#### Goal of the exercise:
Read the entries that follow and give each one again precisely.

#### Information given:

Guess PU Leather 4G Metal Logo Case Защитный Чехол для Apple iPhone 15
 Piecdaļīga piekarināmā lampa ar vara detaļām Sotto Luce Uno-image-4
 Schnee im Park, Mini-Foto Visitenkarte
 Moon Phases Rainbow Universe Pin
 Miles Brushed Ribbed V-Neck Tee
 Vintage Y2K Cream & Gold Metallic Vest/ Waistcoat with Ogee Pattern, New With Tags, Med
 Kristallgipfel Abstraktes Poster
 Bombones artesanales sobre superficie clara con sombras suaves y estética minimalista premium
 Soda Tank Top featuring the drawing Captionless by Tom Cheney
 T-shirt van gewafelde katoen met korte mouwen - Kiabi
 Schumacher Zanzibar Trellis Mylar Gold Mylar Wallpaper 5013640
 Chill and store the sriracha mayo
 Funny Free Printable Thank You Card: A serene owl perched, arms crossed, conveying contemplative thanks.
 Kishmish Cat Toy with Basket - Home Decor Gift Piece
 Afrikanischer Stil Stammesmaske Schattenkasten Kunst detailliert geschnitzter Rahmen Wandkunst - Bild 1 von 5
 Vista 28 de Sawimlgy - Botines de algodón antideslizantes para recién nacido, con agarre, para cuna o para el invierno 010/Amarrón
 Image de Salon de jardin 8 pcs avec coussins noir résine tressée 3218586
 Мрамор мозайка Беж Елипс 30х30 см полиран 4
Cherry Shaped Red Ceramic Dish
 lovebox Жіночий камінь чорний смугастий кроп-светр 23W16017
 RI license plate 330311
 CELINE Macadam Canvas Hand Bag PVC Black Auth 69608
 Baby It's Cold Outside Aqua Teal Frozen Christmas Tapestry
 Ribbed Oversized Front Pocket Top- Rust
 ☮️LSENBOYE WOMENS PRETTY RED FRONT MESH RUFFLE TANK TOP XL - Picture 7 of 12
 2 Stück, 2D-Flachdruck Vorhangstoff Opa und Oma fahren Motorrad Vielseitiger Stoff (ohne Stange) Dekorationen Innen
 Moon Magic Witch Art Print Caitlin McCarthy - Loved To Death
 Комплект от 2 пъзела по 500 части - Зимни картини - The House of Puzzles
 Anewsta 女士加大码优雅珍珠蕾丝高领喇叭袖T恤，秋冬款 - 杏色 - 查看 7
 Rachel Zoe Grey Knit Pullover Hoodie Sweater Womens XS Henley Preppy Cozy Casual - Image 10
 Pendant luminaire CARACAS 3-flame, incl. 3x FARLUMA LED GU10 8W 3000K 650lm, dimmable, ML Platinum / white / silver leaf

#### Answer to this task:
Guess PU Leather 4G Metal Logo Case Защитный Чехол для Apple iPhone 15
 Piecdaļīga piekarināmā lampa ar vara detaļām Sotto Luce Uno-image-4
 Schnee im Park, Mini-Foto Visitenkarte
 Moon Phases Rainbow Universe Pin
 Miles Brushed Ribbed V-Neck Tee
 Vintage Y2K Cream & Gold Metallic Vest/ Waistcoat with Ogee Pattern, New With Tags, Med
 Kristallgipfel Abstraktes Poster
 Bombones artesanales sobre superficie clara con sombras suaves y estética minimalista premium
 Soda Tank Top featuring the drawing Captionless by Tom Cheney
 T-shirt van gewafelde katoen met korte mouwen - Kiabi
 Schumacher Zanzibar Trellis Mylar Gold Mylar Wallpaper 5013640
 Chill and store the sriracha mayo
 Funny Free Printable Thank You Card: A serene owl perched, arms crossed, conveying contemplative thanks.
 Kishmish Cat Toy with Basket - Home Decor Gift Piece
 Afrikanischer Stil Stammesmaske Schattenkasten Kunst detailliert geschnitzter Rahmen Wandkunst - Bild 1 von 5
 Vista 28 de Sawimlgy - Botines de algodón antideslizantes para recién nacido, con agarre, para cuna o para el invierno 010/Amarrón
 Image de Salon de jardin 8 pcs avec coussins noir résine tressée 3218586
 Мрамор мозайка Беж Елипс 30х30 см полиран 4
Cherry Shaped Red Ceramic Dish
 lovebox Жіночий камінь чорний смугастий кроп-светр 23W16017
 RI license plate 330311
 CELINE Macadam Canvas Hand Bag PVC Black Auth 69608
 Baby It's Cold Outside Aqua Teal Frozen Christmas Tapestry
 Ribbed Oversized Front Pocket Top- Rust
 ☮️LSENBOYE WOMENS PRETTY RED FRONT MESH RUFFLE TANK TOP XL - Picture 7 of 12
 2 Stück, 2D-Flachdruck Vorhangstoff Opa und Oma fahren Motorrad Vielseitiger Stoff (ohne Stange) Dekorationen Innen
 Moon Magic Witch Art Print Caitlin McCarthy - Loved To Death
 Комплект от 2 пъзела по 500 части - Зимни картини - The House of Puzzles
 Anewsta 女士加大码优雅珍珠蕾丝高领喇叭袖T恤，秋冬款 - 杏色 - 查看 7
 Rachel Zoe Grey Knit Pullover Hoodie Sweater Womens XS Henley Preppy Cozy Casual - Image 10
 Pendant luminaire CARACAS 3-flame, incl. 3x FARLUMA LED GU10 8W 3000K 650lm, dimmable, ML Platinum / white / silver leaf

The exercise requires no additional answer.